# Iberosphere - free online current affairs magazine



## Alcalaina (Aug 6, 2010)

The free online publication formerly known as Qorreo has been relaunched as Iberosphere - News, Comment and Analysis on Spain, Portugal and Beyond. It has some good articles on a wide range of topics and is a lot more meaty than most of the English-language media covering Spain. If you are on Facebook you can get alerts for new articles there.


----------



## VFR (Dec 23, 2009)

Alcalaina said:


> The free online publication formerly known as Qorreo has been relaunched as Iberosphere - News, Comment and Analysis on Spain, Portugal and Beyond. It has some good articles on a wide range of topics and is a lot more meaty than most of the English-language media covering Spain. If you are on Facebook you can get alerts for new articles there.
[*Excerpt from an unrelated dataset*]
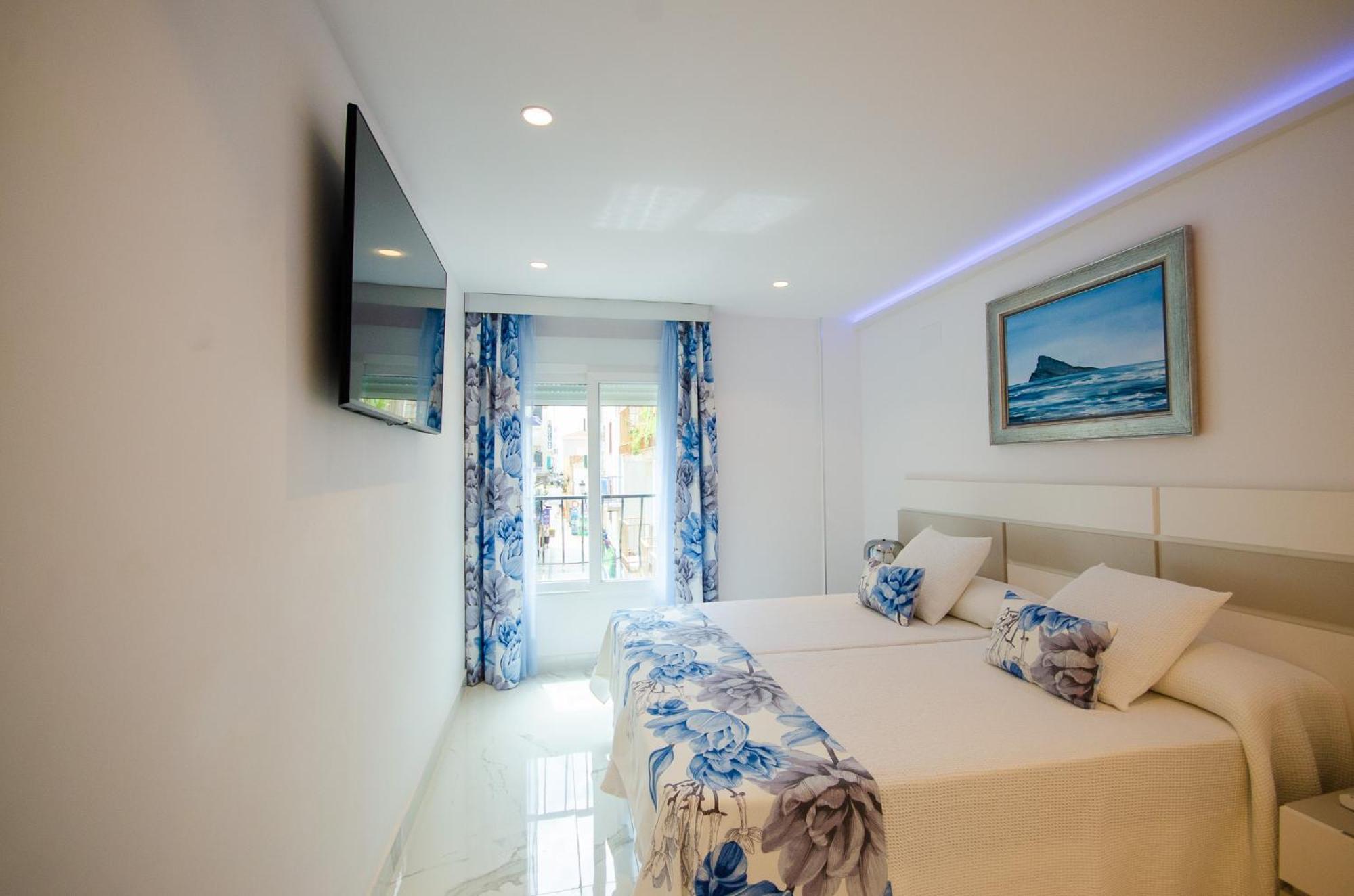 Oasis - Palm Old Town Lejlighed Benidorm Eksteriør billede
Yes some interesting articles & thanks for the link.


----------



## Pesky Wesky (May 10, 2009)

Alcalaina said:


> The free online publication formerly known as Qorreo has been relaunched as Iberosphere - News, Comment and Analysis on Spain, Portugal and Beyond. It has some good articles on a wide range of topics and is a lot more meaty than most of the English-language media covering Spain. If you are on Facebook you can get alerts for new articles there.


I'll definitely be looking at this, thanks!


----------